From The Editors

Categories:  From the Editors    Community    Film
Wednesday, February 5th, 2014 at 7:36 AM

It’d be easy to start drawing battle lines, it’d be easy to start picking sides, and it’d be easy to paint this story as “The Battle for Erie’s Bayfront.”

But what if it isn’t a fight? What if this doesn’t have to be a this or that moment? And what if this could really be Erie’s renaissance moment when we see the landscape of Erie take shape for decades to come?

By now, you’ve heard the developing story: The Erie County Convention Center Authority wants to secure a bond from the county to erect a publically-funded hotel adjacent to the Bayfront Convention Center. And by now, you’ve seen Scott Enterprises’ plan for a development east of State Street known as Harbor Place.

What this has quickly become is a private versus public-funding debate. But it’s more complicated than that, an evolving issue with many moving parts.

For one, there’s the grant Erie’s secured from the state — a whopping $25 million over five years that would go to the development of the ECCCA’s hotel, which in turn would propel forward the development of the former GAF site. Can those funds be re-appropriated for another use? That remains unclear.

And how many hotels are too many? The Scotts are arguing that a publically-funded hotel would threaten the likelihood of the success of their development — which includes a hotel, and which is still slated to move forward despite Erie missing out on CRIZ funds. But as Jay Stevens wrote in our last issue, Erie’s may be getting a second chance at those funds soon.

And those funds help everyone — not just some — as the land designated stretches roughly from Sunburst Electronics to the pumping station, which includes not only the Scott project but the former GAF site.

Rebecca Styn explores this story more fully in “The Tale of Two Hotels,” which you’ll find in this issue. It is a complicated story, and Rebecca does a commendable job distilling the story to date.

Why does she tell it? Because decisions will be made soon that will affect Erie for generations to come. And perhaps this doesn’t have to be a this or that tale of two hotels. Perhaps it can be a story of two different visions for Erie being seen to fruition at the same time through cooperation and collaboration. Because if ever Erie deserved more than a puncher’s chance at putting the “gem” clearly and boldly in “Gem City,” it’s now, the very moment that change and growth seem to be more than whispers in the air — they seem palpable.

The energy for change, for growth, for development is abuzz in Erie. Take John C. Lyons as an example. Lyons, a local filmmaker who we featured last year in our 40 Under 40 issue, is the visionary behind the Film Society of Northwestern Pennsylvania, where he currently serves as Executive Director.
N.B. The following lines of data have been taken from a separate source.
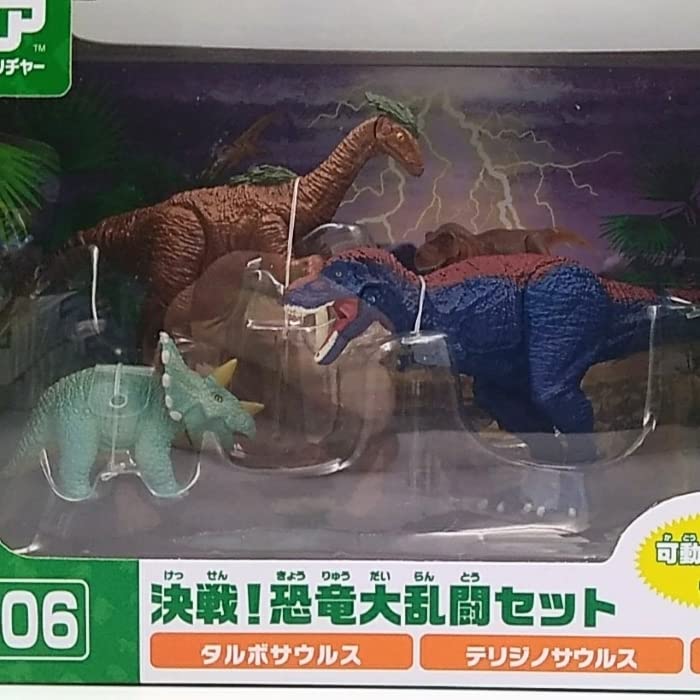 恐竜フィギュアセット Amazon.co.jp: ナショナルジオグラフィック 恐竜フィギュア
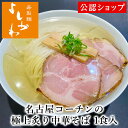 寿製麺よしかわ 名古屋コーチンの極上炙り中華そば 1食 冷凍ラーメン 本格ラーメン お取り寄せグルメ 麺とスープのセット ラーメン 拉麺 らーめん 具材付き 有名店 冷凍 グルメ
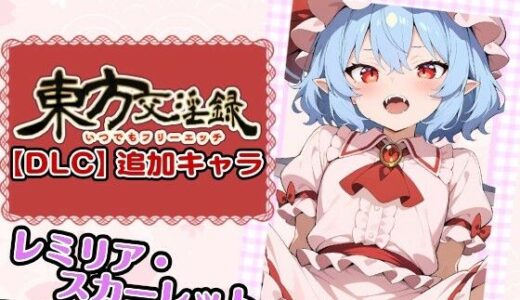 【2026-01-30発売】東方交淫録【DLC】追加キャラ「レミリア・スカーレット」【d_727946】【あたりめ100g】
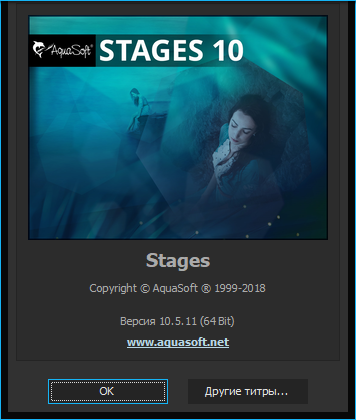 AquaSoft Stages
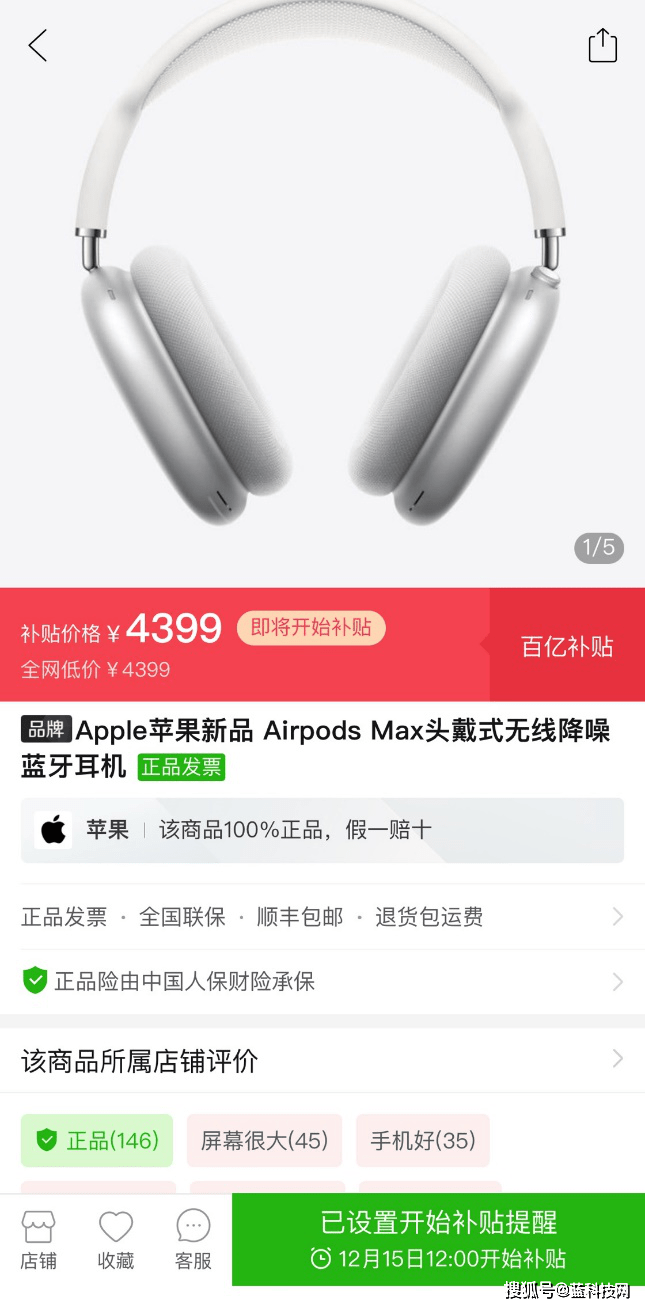 多多|拼多多百亿补贴直降400元！苹果AirPods Max首次低于4000元大关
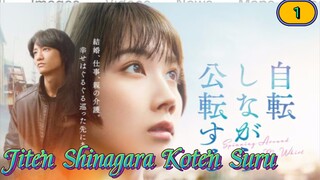 Ep.01🇯🇵Jiten Shinagara Koten Suru (2024) MiniSeries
Not only is Lyons curating various film series, he’s bringing filmmakers to Erie. And not only is he bringing filmmakers to Erie, he’s starting initiatives like The Greater Erie Film Office to help bring the filmmaking industry to Erie. Need a location that features all four season? We have that. Need a massive body of water? We have that, too. Need the backdrop of industrial boom and bust? Yep, we’ve got that, too.

In just three short years, the Film Society of Northwestern Pennsylvania has transformed from a stale nonprofit sitting on a shelf collecting dust to an organization that’s fostered both film appreciation and film development in our region. Ben Speggen sat down with John C. Lyons to discuss this and what it means for Erie.

Undeniably, things are happening here. People are working to make Erie a film capital of Pennsylvania, and people are working to develop the last bits of land dotting our Bayfront. What’s needed now more than ever is the energy of the entire community to ensure that the foundation that’s being laid now leads to a structurally strong and stable city for decades to come.

That’s why we’re asking you to remember two dates: Tuesday, Feb. 11 and Wednesday, Feb. 12.

The first is the second reading of the ECCCA’s ordinance proposal to County Council; that meeting is free and open to the public. The second is the kickoff for the next season of the Film Society’s series FILM at the Erie Art Museum. It costs only $5 and proceeds go to ensure that Erie continues to get cooler each time an independent film is screened in our city.

As proponents of both sound discussion that leads to smart development and the cultivation of the arts scene in The Gem City, we’ll see you there.